Menu image/svg+xml

Bremen companies in the face of climate change: A simulation game approach Making impacts tangible and developing adaptation measures

In the BREsilient project, the project team designed a simulation game for representatives from Bremen businesses and administration. The game aimed at making the impacts of extreme weather events and long-term climate change tangible for the participants in a playful way and at collectively developing adaptation measures. The article summarizes the approach, the results and lessons learned.

Good preparation is key to a successful simulation game. At the start of the game, the participants were each assigned a particular role: They represented either a logistics company (rail, inland navigation, port), a food company (fish and vegetables/coffee) or the administration. For the game phase, the simulation team had prepared short situation descriptions in advance, which vividly explained various climate change impacts and their effects on the individual actors. The situations included, for example, "heat wave 2020", "heavy rainfall 2021" and "decline in coffee cultivation areas 2045". The impacts on the companies comprised interrupted or relocated supply and transport chains or crop failures due to drought. Arguing from the perspective of their roles, the participants then discussed the individual situations and developed suitable adaptation measures in each case.
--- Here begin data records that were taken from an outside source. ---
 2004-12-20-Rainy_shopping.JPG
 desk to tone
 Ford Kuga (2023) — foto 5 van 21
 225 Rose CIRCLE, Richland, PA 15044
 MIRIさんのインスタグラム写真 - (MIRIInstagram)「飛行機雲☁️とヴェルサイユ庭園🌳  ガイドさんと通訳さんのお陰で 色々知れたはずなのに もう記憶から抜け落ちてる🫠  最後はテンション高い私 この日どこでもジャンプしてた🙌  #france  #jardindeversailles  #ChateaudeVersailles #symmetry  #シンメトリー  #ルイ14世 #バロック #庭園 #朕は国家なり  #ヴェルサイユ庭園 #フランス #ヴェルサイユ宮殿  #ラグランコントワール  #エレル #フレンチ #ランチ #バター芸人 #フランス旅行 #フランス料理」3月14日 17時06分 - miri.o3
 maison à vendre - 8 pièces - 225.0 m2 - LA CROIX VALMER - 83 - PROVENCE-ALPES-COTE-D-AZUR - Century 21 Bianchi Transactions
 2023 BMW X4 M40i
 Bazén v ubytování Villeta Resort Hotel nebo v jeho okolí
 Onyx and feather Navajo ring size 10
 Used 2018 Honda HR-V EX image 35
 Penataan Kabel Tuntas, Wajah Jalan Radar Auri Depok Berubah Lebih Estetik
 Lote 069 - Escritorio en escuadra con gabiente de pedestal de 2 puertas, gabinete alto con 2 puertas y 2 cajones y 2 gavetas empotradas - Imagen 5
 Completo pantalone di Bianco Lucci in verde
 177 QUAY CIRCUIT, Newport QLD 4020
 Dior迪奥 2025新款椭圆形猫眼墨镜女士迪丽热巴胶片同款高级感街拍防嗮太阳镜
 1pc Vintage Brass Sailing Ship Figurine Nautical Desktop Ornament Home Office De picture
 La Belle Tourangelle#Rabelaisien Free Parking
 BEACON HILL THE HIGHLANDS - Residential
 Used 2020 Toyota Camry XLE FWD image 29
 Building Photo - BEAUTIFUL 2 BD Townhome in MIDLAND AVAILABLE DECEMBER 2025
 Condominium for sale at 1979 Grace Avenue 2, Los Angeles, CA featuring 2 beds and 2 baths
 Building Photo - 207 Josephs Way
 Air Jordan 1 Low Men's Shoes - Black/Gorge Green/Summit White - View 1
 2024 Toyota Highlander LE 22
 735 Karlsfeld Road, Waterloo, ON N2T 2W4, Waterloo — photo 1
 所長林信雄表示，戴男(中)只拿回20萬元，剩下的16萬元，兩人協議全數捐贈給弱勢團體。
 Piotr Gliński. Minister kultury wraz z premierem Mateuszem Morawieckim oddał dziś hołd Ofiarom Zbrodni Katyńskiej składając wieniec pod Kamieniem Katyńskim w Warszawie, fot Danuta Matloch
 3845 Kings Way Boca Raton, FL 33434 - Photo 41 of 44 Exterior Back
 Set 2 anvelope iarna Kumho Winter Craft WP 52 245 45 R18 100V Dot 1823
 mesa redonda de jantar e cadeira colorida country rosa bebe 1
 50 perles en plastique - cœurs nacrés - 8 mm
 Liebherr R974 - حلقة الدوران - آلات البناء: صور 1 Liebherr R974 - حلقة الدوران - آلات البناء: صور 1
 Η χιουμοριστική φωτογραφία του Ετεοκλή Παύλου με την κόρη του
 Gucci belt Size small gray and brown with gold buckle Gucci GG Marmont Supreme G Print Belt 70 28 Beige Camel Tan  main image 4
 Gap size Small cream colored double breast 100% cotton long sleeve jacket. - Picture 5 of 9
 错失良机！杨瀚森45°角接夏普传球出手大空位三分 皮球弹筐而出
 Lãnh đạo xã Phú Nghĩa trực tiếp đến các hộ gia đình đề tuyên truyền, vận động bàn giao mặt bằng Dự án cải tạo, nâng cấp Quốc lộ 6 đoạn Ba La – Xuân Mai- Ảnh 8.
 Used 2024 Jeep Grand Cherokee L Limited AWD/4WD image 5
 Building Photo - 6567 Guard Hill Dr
The aim of these measures was both to master the current situation and to be better prepared for similar situations in the future.

A central theme that emerged from the discussion was that joint solutions are crucial as the participants both depend on each other and partly compete for the same scarce resources and modes of transport. In the reflection after the game, the participants stated that the simulation game had made the complexity and dependence on other actors transparent and had thus strengthened their awareness of interactions. Discussing future situations also contributed to making climate change impacts tangible and to creatively searching for solutions. The action-motivating effect of the simulation game was also shown in the questionnaire-based evaluation.